==== Record excerpts ====

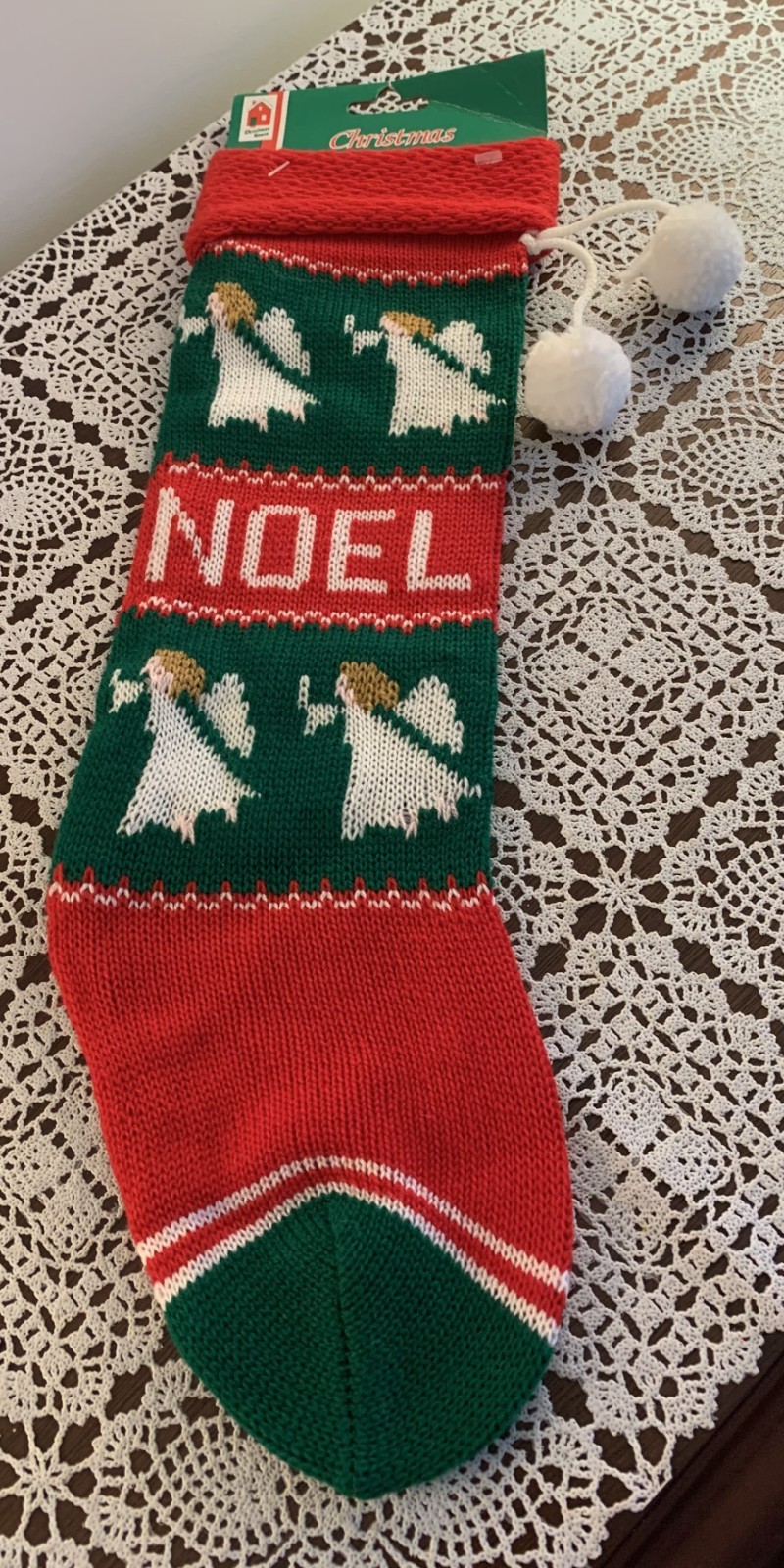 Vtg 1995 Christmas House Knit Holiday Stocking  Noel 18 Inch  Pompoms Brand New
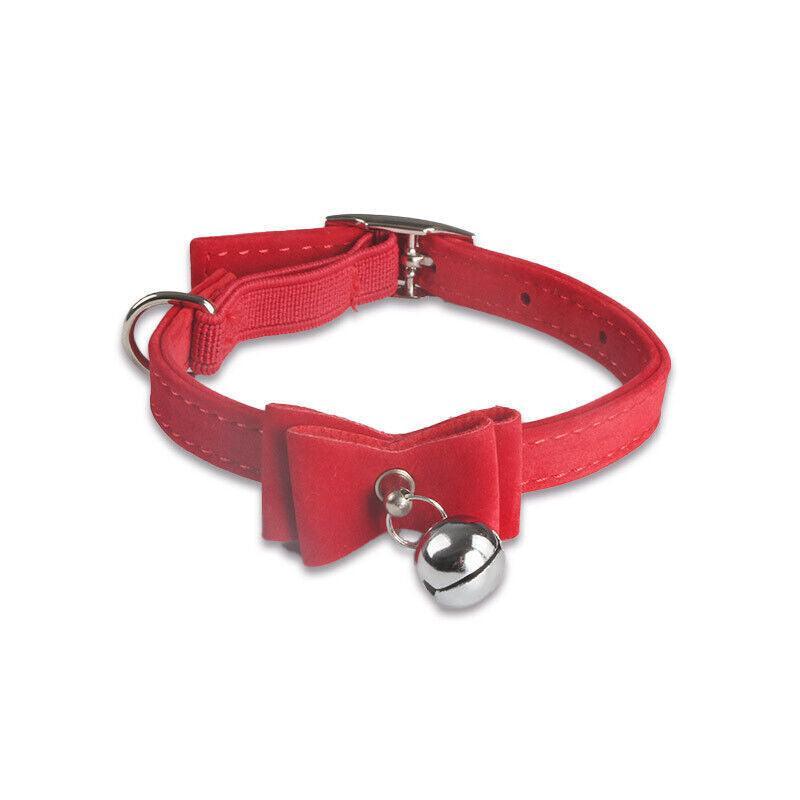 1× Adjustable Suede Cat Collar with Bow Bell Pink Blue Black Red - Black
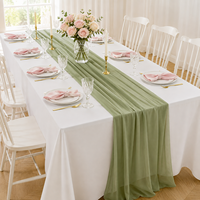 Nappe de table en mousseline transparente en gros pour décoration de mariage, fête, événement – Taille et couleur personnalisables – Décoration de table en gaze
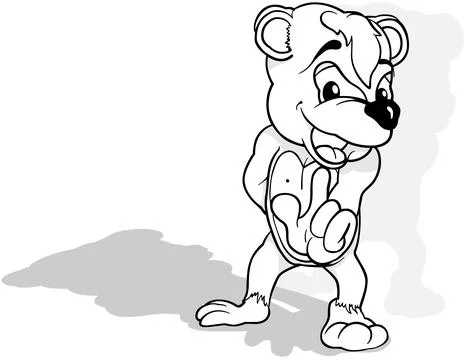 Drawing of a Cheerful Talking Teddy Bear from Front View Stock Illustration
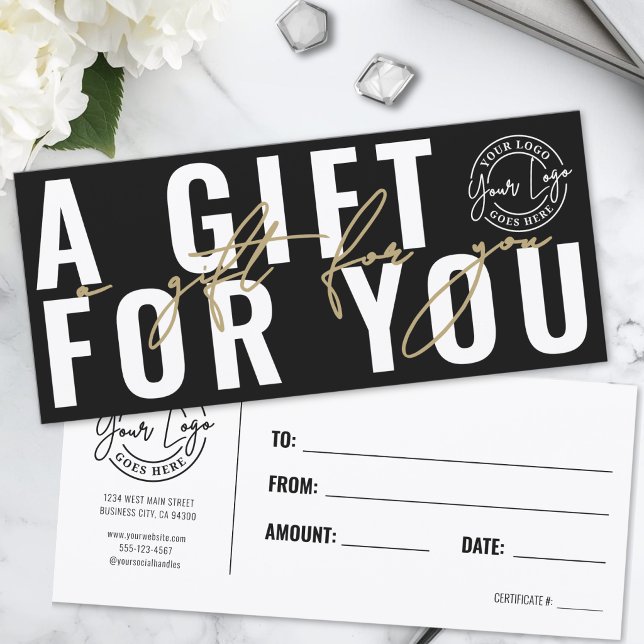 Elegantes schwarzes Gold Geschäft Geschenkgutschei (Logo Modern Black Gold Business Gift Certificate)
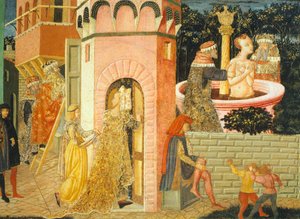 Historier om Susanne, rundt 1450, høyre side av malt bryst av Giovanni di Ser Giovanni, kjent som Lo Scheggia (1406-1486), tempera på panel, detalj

====
==== Record excerpts ====

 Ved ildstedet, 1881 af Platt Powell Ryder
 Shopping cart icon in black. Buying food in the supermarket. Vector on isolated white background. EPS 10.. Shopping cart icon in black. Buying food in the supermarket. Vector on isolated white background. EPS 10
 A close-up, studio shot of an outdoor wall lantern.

====
==== Record excerpts ====

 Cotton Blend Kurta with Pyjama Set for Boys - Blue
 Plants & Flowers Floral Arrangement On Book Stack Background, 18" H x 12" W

====

Above are records; repeat only the lines starting at the line with "Ved ildstedet, 1881 af Platt Powell Ryder" and ending at the line with "A close-up, studio", exactly as they appear, both included.

*Response to the task:*
 Ved ildstedet, 1881 af Platt Powell Ryder
 Shopping cart icon in black. Buying food in the supermarket. Vector on isolated white background. EPS 10.. Shopping cart icon in black. Buying food in the supermarket. Vector on isolated white background. EPS 10
 A close-up, studio shot of an outdoor wall lantern.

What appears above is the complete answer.